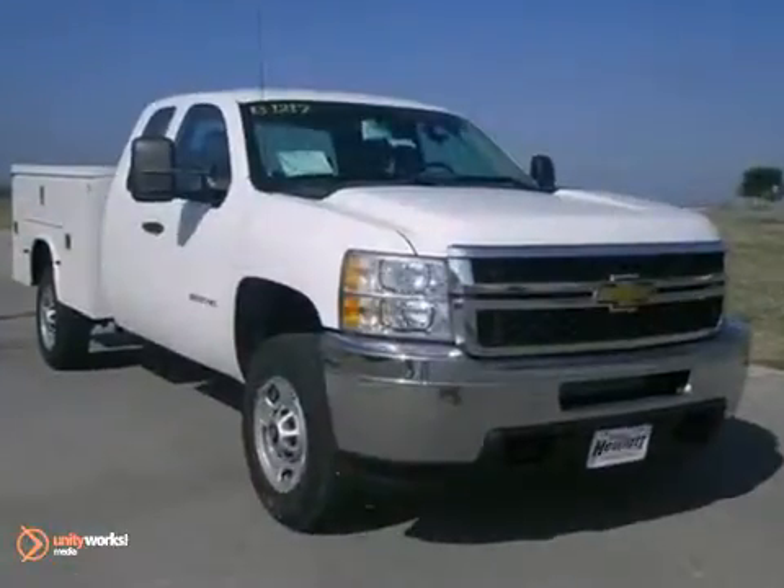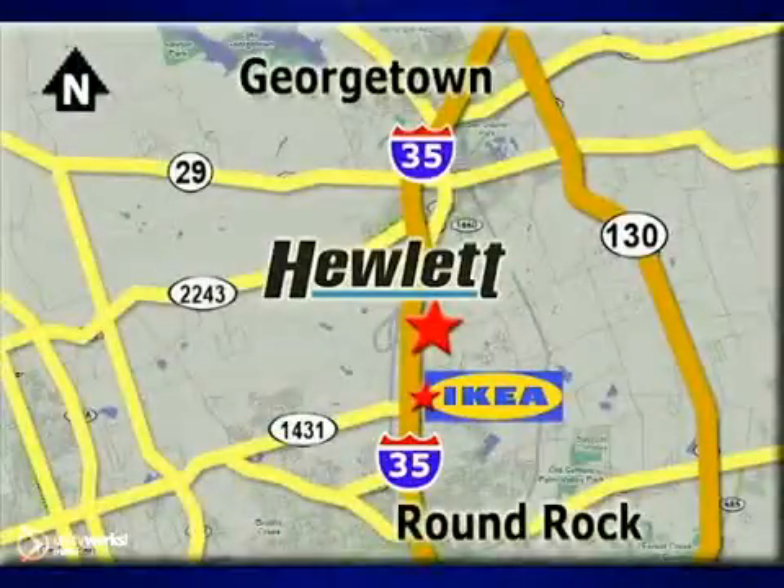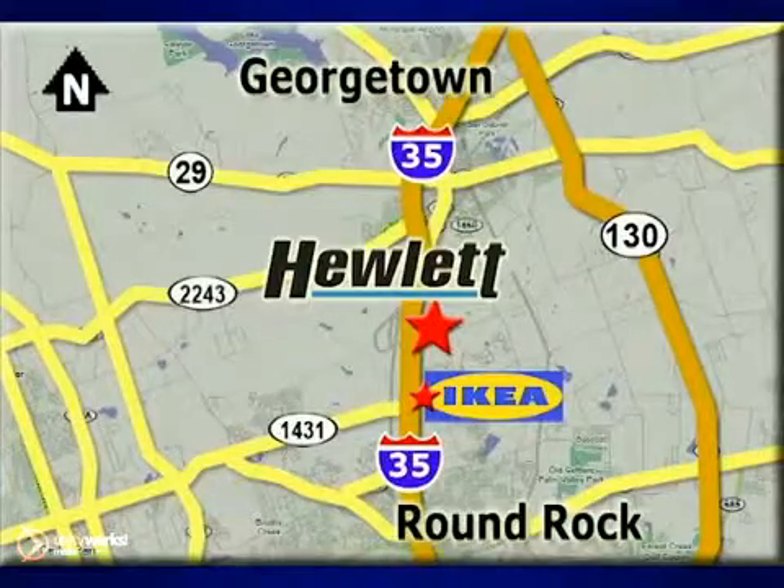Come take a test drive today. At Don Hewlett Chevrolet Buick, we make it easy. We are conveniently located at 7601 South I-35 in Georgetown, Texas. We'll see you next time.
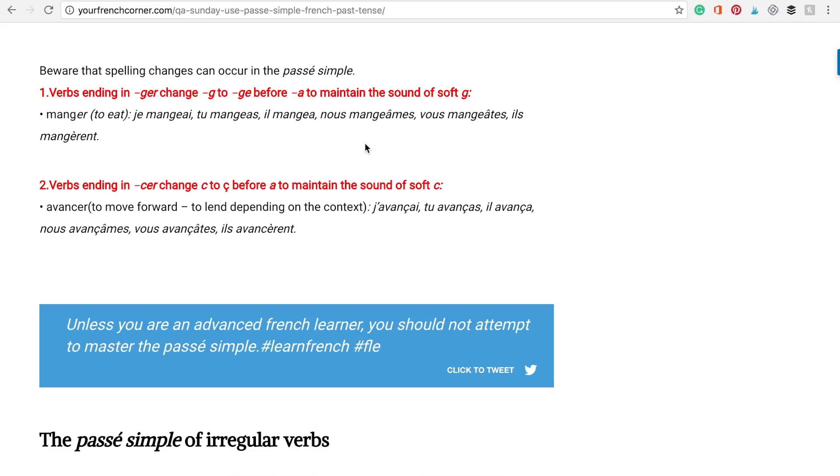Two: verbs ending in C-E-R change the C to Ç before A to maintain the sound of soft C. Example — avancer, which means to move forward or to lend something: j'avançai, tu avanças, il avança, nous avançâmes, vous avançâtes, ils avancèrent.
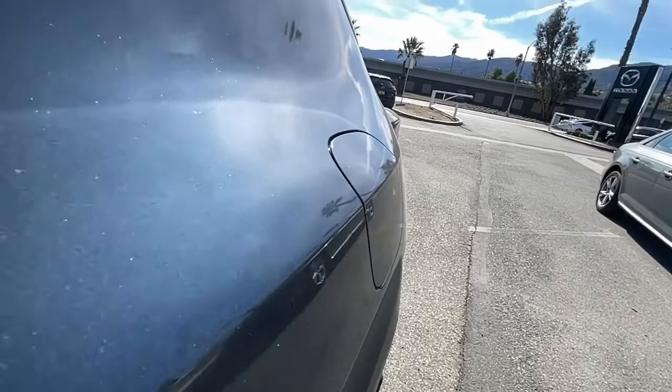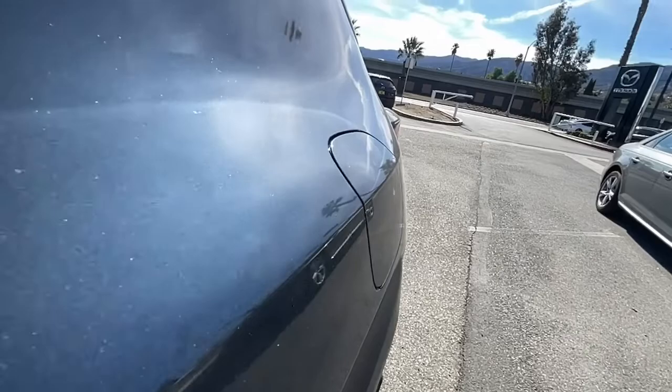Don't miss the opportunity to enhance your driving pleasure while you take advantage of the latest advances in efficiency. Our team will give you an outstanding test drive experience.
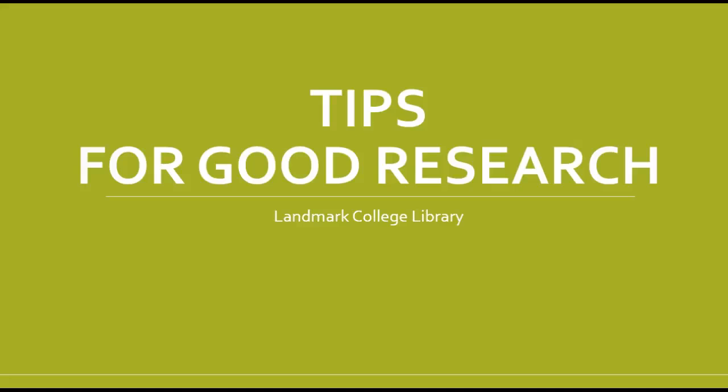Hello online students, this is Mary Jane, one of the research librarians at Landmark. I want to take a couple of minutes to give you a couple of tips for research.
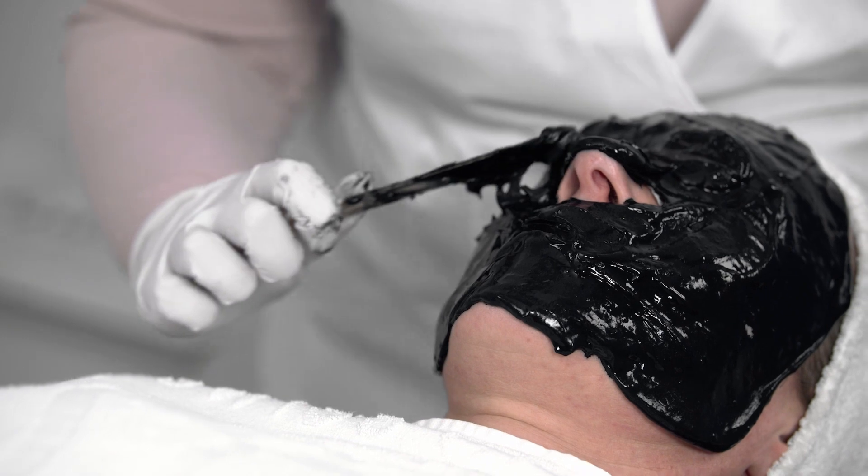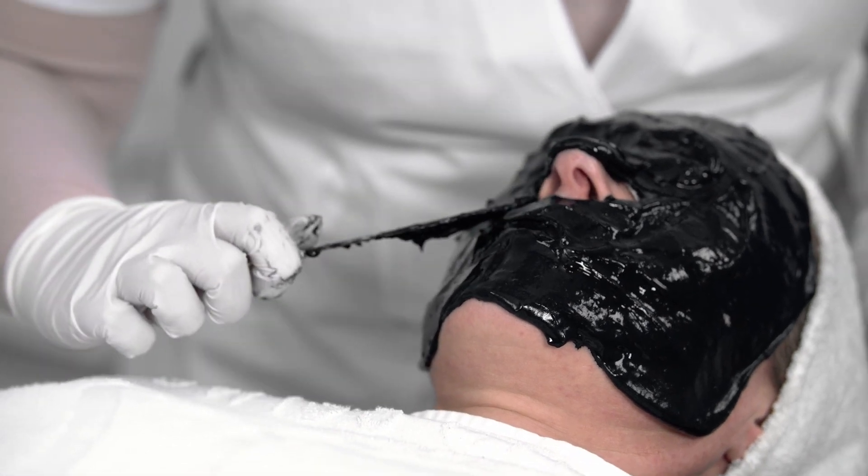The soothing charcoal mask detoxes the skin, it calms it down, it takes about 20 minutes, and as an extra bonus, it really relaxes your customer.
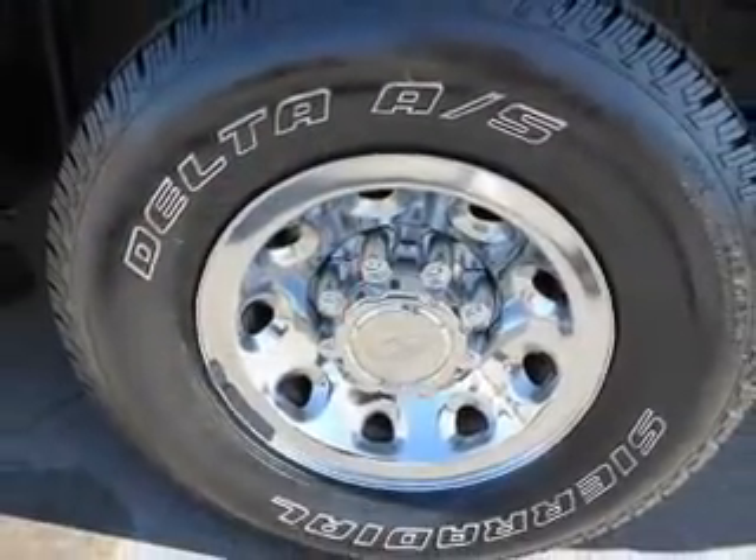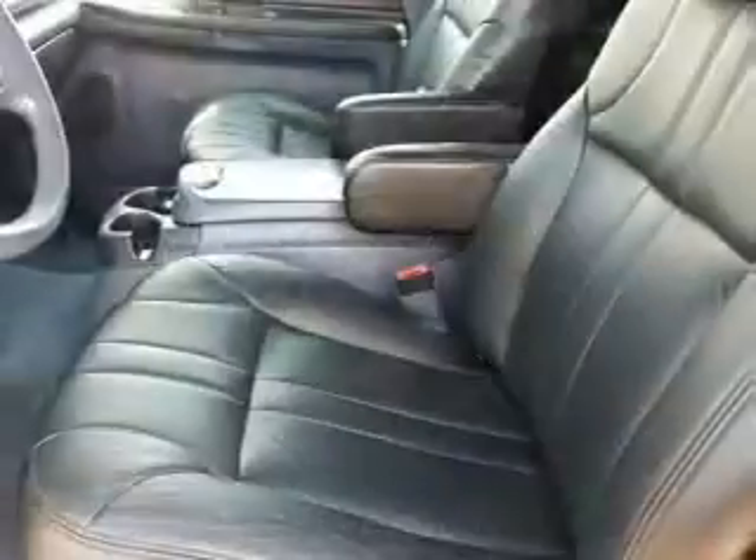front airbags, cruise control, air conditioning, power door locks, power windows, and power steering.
_ _ _ _ _
• EXERCISE OBJECTIVE
Starting at the line that contains "The soothing charcoal", restate each line verbatim through the final line of the listing, skipping all pictures.

• EXERCISE RESPONSE
The soothing charcoal mask detoxes the skin, it calms it down, it takes about 20 minutes, and as an extra bonus, it really relaxes your customer.
front airbags, cruise control, air conditioning, power door locks, power windows, and power steering.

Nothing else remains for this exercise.